Some detected intestinal parasites in the studied population. Blastocystis vacuolar form ×100 (a), G. lamblia cyst (b) and trophozoite ×100 (c), E. histolytica cyst x100 (d), H. nana egg ×40 (e), C. Philippinensis egg x40 (f), Cryptosporidium sp. oocyst stained with MZN stain (g) and MT stain x100 (h) and Microsporidia sp. stained by MT stain ×100

Table 1.

Distribution of positive intestinal parasites among diabetic cases (n. = 100) and controls ( n. = 100)

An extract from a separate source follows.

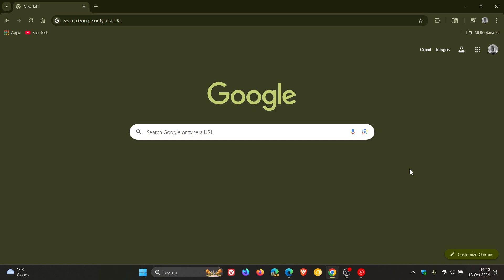So Google has announced that V2 extensions, including uBlock Origin, will eventually be disabled in Chrome and you will no longer be able to install it from the Chrome Web Store. And the deprecation has already started happening to some extent in the canary dev and beta channels of Google Chrome, as we have been talking about.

Detected parasites Total Cases Control P
n. % n. % n. %
Opportunistic parasites
 Cryptosporidium sp. 17 8.5 12 12 5 5 0.076
 Microsporidia sp. 5 2.5 5 5 0 0 0.008*
Other parasites
 B. hominis 50 25 29 29 21 21 0.191
 E. histolytica/dispar 4 2 2 2 2 2 1
G. lamblia 16 8 7 7 9 9 0.602
 H. nana 6 3 2 2 4 4 0.407
 C. philippinensis 3 1.5 2 2 1 1 0.56

*Significant P

Out of 76 positive cases for intestinal parasitic infections, 52 (68.4%) cases had mono-parasitic infection, while 24 (31.6%) cases had poly-parasitism; 14 in diabetic group, and 10 in the control group. However, this difference was statistically insignificant (P = 0.197). The highest number of parasites present concomitantly was three; Microporidia sp., Cryptosporidium sp. and B. hominis. This combination was found in one diabetic patient. However, the commonest co-infections were between Cryptosporidium sp. & B. hominis (7 cases) followed by G. lamblia & B. hominis (5 cases), Microporidia sp. & B. hominis (3 cases), H. nana & B. hominis (3 cases), G. lamblia & Cryptosporidium sp. (2 cases), and one case for each combination of H. nana & C. philippinensis, Microporidia sp. & Cryptosporidium sp., and G. lamblia & E. histolytica/dispar.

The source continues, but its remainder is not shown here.